2. The chairman of the department called her a few months later and sent her a letter asking her to return, because security agencies did not grant approval. Some professors called the university president asking him to intervene and he promised to help resolve the issue.
3. As well as the university’s approval, the law clearly makes a distinction between academic missions funded by the state — which require the approval of the Executive Committee of Missions at the Ministry of Higher Education — and sabbaticals that are not funded by the state. Besides, the committee’s opinion is only advisory and not final.
This committee meets twice every academic year, and therefore recalling Saber has nothing to do with academic missions, but rather with security agencies intruding on the independence of the university and not wanting Saber to earn a doctorate from a reputable university (among the top 100 in the world) without funding from the state, even though she is the top of her class with honours.
This is only because Saber is a respectable person and leader who is popular with her colleagues and students, and refuses to follow directives from security agencies. She played a key role in standing up to the Muslim Brotherhood, out of patriotism and not because security agencies made her do it.
Security agencies do not want honourable, patriotic leaders to become members of university faculties, but instead want “kind people” who listen to orders or at least are not active. Ideally, they would be spies for security agencies, writing reports about their colleagues.

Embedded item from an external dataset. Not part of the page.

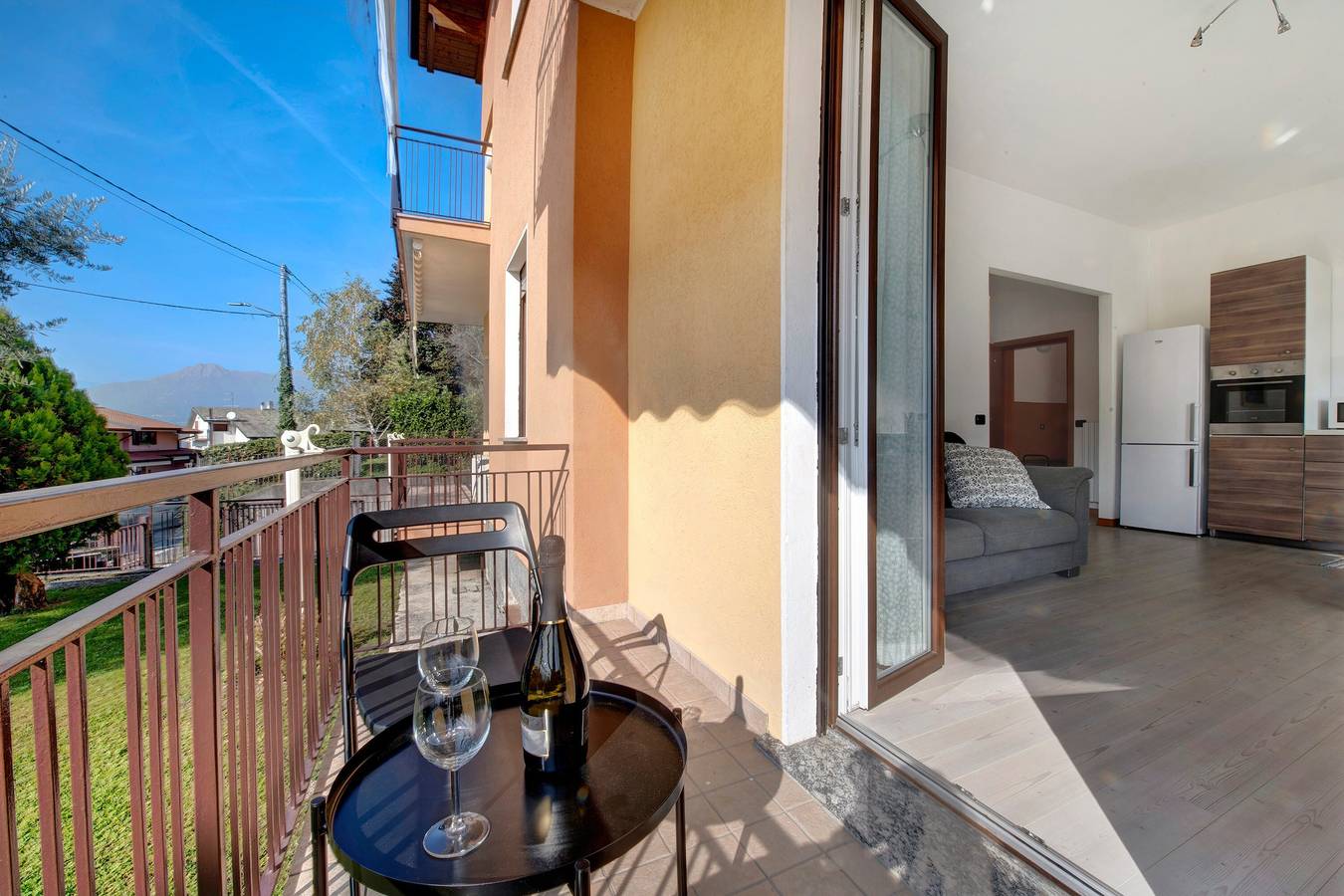 Appartamento intero, Appartamento per le vacanze "Sibi Apartment" con Wi-Fi e giardino in Lierna, Prealpi Bergamasche Occidentali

4. If security agencies have valid reasons for requesting Saber's return and the termination of her studies they should make them public and send them officially to the president of the university. If there is a threat to national security, they should tell us about it.
Egypt will not make any progress, nor be secure, nor will the regime grow in strength and popularity, without patriotic academic leaders in universities, active labour unions, student unions, and professional syndicates. That is when the people become the main support for the regime, instead of doing constant battle with security agencies. Security agencies must understand that their job is to protect Egypt, not destroy all that is good in the country.
Tension is building up and one month ago a petition was signed by dozens of university professors, whose numbers will grow by the hundreds at Cairo University, and others in support of Saber.
Why push the country to the precipice? Why undermine the president’s popularity unnecessarily? Why create a new problem for the president of Cairo University who is already burdened by hundreds of others?
To those in charge of security, either make public the rationale with documented evidence or withdraw your letter. We want justice and will not be silenced.
Stand up, Egyptians. Egypt is always calling on you.
The writer is head of the Egyptian Social Democratic Party.